Try it: Every line below from the one with "Nous Deux 4109 Nous Deux" through the one with "Snapshot of hugedickjp" is to be repeated exactly, with no picture among them.

Data under study:
>>>>>
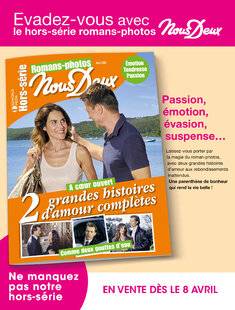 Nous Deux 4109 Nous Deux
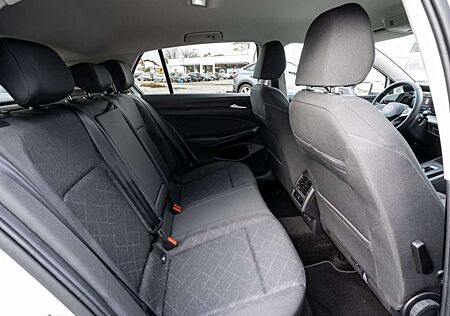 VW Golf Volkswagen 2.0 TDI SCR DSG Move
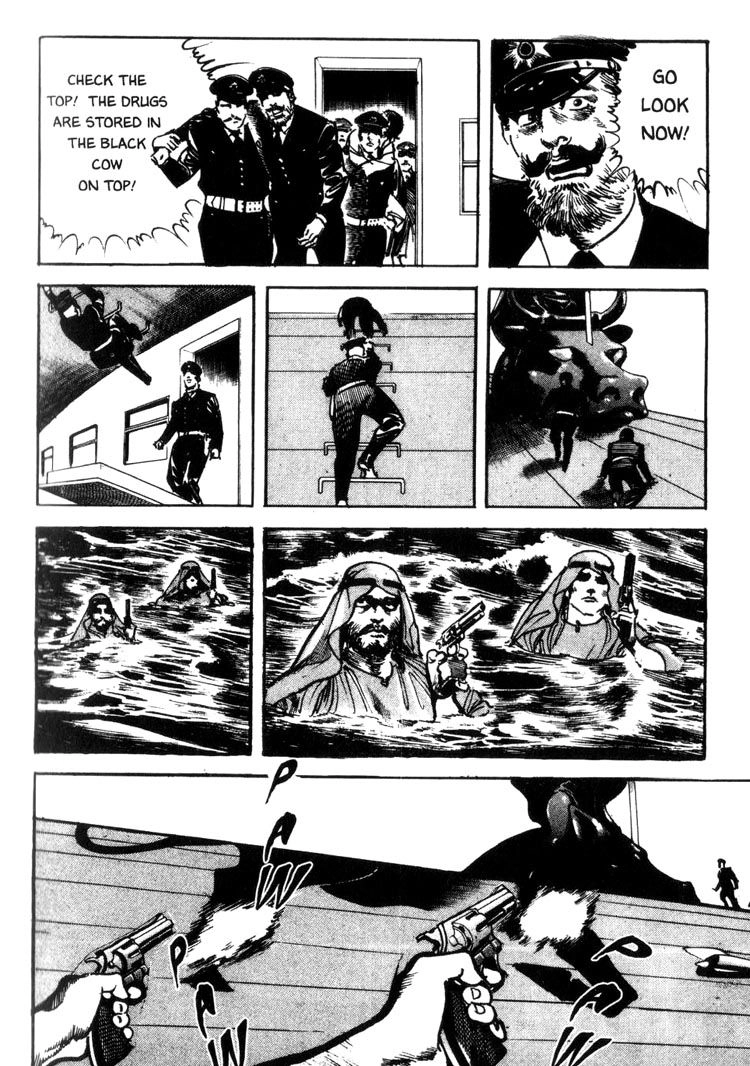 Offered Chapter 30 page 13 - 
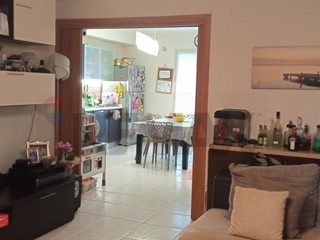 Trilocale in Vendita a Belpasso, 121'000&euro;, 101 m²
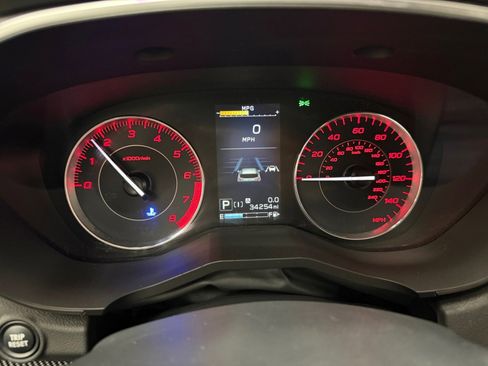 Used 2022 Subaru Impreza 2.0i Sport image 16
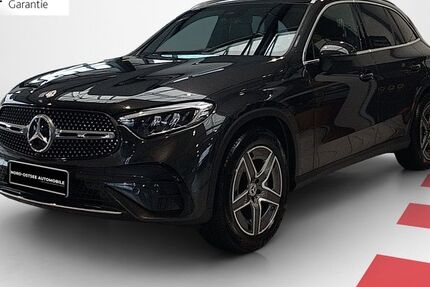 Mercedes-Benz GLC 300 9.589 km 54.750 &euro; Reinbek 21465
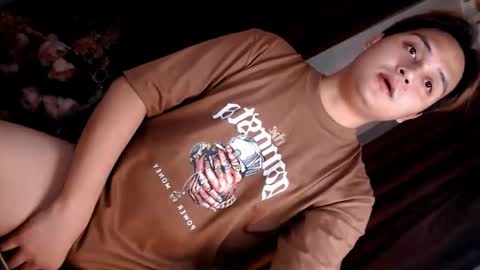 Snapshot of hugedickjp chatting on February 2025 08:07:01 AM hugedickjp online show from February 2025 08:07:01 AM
<<<<<
>>>>>
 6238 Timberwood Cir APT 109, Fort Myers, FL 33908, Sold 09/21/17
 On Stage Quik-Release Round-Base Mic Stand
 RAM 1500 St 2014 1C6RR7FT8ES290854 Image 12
<<<<<
Answer to this problem:
 Nous Deux 4109 Nous Deux
 VW Golf Volkswagen 2.0 TDI SCR DSG Move
 Offered Chapter 30 page 13 - 
 Trilocale in Vendita a Belpasso, 121'000&euro;, 101 m²
 Used 2022 Subaru Impreza 2.0i Sport image 16
 Mercedes-Benz GLC 300 9.589 km 54.750 &euro; Reinbek 21465
 Snapshot of hugedickjp chatting on February 2025 08:07:01 AM hugedickjp online show from February 2025 08:07:01 AM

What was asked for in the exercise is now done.